This Gruyère cheese potato bake is a company worthy potato dish that is ridiculously easy to make~no washing, peeling, or boiling potatoes required!
This Gruyère cheese potato bake is an easy “potato version” of one of my favorite side dishes~Gourmet Gruyère Cheese Grits. Since not everyone loves grits, I thought a potato version would be nice. I doubled the recipe below and took this to a holiday lunch, where it was a huge hit and a wonderful complement to the beef tenderloin.
The key to the flavor of the dish lies in the Gruyère. This Swiss borne cheese lends a complex flavor (fruity, earthy & nutty) that can’t be found in any other cheese. A bit pricey, Gruyère averages $13.00 per pound. (For tips on choosing the best brand, see the information at the end of the post).
The key to making this dish quickly and easily is using Ore-Idea Steam & Mash potatoes. The potatoes are grade A Russets that are peeled and ready to steam in the microwave. When these go on sale, I always stock up. They are in the freezer section of most grocery stores near the frozen French fries & tater tots.
Note: When making potatoes, a hand mixer can be your best friend but should be used conservatively. Mixing should stop once the potatoes are “just blended.” Lumps add heft and texture and are a good thing. Over mixing can make potatoes turn “gluey,” and once this happens, there is no remedy:-(
I would love to hear from you if you try these (or if you come up with your own savvy version of the recipe)! Thank you so much for taking time to visit my site. As always, be blessed, and stay savvy!

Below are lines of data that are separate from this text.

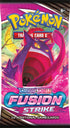 POKEMON TCG Sword and Shield 8 - Fusion Strike Single Booster Pack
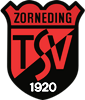 Wappen TSV Zorneding 1920 II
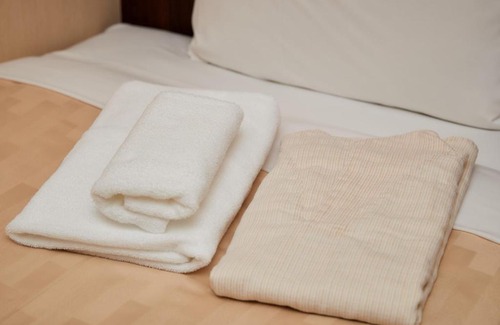 Naha Hotel | Grand Cabin Hotel Naha Oroku for Men / Vacation STAY 62323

Choosing the best Gruyère: In Cook’s Illustrated taste tests, the following brands are recommended: Emmi Le Gruyère Reserve, Gruyère Salé, Gruyère Alpage, and French Gruyère de Comté. Two “recommended with reservations” brands are Swiss Rose Le Gruyère, and Emmi Le Gruyère. Boar’s Head is NOT recommended. Since most of these brands are in a similar price range, a trip to Whole Foods or The Fresh Market for a recommended brand can make a huge difference in the quality of the cheese and outcome of the dish.